Excerpts from the transcript:

Mikhail Mishustin: Mr Roumas, colleagues,

We are delighted to welcome you to Russia. This is already our second meeting. The first time we met was at a meeting of the Eurasian Intergovernmental Council held in Almaty on 31 January, and we also had several telephone conversations. Thank you for so promptly responding to our invitation to come to Russia to discuss the priorities of Russian-Belarusian cooperation. It is very important for us to act in close contact with our Belarusian colleagues and to coordinate our views on current matters.

I would like to point out that Belarus is our ally and strategic partner. On 8 December 2019, we celebrated the 20th  anniversary of the Treaty on the Establishment of the Union State. I am sure that we should take full advantage of the creative and integration potential of the treaty throughout this decade. This will help us to create favourable conditions for economic development as well as business and will ultimately improve the living standards in Russia and Belarus.

It is also important that Belarus is Russia’s leading foreign trade partner in the Commonwealth of Independent States. Looking at the past few years, we can say that our mutual trade amounted to $35.6 billion in 2018 or 9.6 percent more than the year before, and that our trade stabilised at this level in 2019.

It is notable that a decrease in Russian exports was compensated almost fully by the 4.5 percent growth of Belarusian deliveries to our market.

Russia still holds the leading place when it comes to cumulative investments in the Belarusian economy: they amounted to some $4 billion in January to September 2019. There are over 2,400 companies with Russian participation in Belarus. We can see the positive results of our interregional cooperation and our humanitarian, educational and cultural ties are growing ever stronger.

We have a packed agenda which I hope to discuss with you today.

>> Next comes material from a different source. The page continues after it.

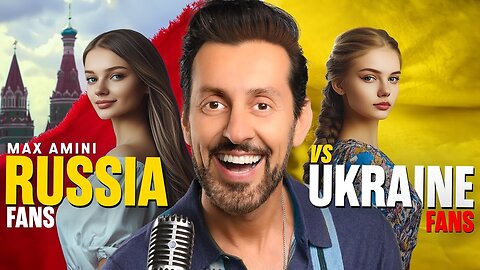 Russian Fans vs Ukrainian Fans | Max Amini | Stand Up Comedy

Sergei Roumas: Mr Mishustin, colleagues,

I am honoured to bring this delegation to Moscow. Mr Mishustin, we are gaining considerable momentum: after the meeting in Almaty, we talked twice by phone in the past week alone. It is very good that our schedules allowed us to quickly coordinate this meeting so as to be able to resume the discussion we had in Kazakhstan.

We do have a packed bilateral agenda, and there are several subjects we need to discuss within the framework of our integration. I believe that the forward movement of the five member states will largely depend on the development of rapport between us.

As you are aware, our presidents have instructed us to prepare documents on an integration strategy, and our deputy prime ministers have done a thorough job. There are only a few disputable questions still to deal with. I hope that today we will be able to discuss them and move on to finalising this document at the Eurasian Intergovernmental Council meeting in Minsk on 10 April before submitting it for approval by our heads of state at the Supreme Eurasian Economic Council.

Mr Mishustin, you were right in saying that we have stabilised our trade, which we are maintaining at between $35 and $36 billion. According to the January data, our trade has decreased. However, we in Belarus are satisfied that our negative balance, which was as much as $9.6 billion ($8.4 billion in 2019), has plummeted to barely $100 million in January, which means that we are streamlining our trade. On the other hand, we know how we achieved this result – through energy deliveries, which is one of the subjects we plan on discussing today. I believe that the current situation with oil prices is bringing our positions ever nearer together and closing up the gap that exists between us if we take a look at the figures. This is a subject we will discuss today as well.

Mr Mishustin, I would also like to hear your views on the future developments because Russia is a key player on the petrochemicals market.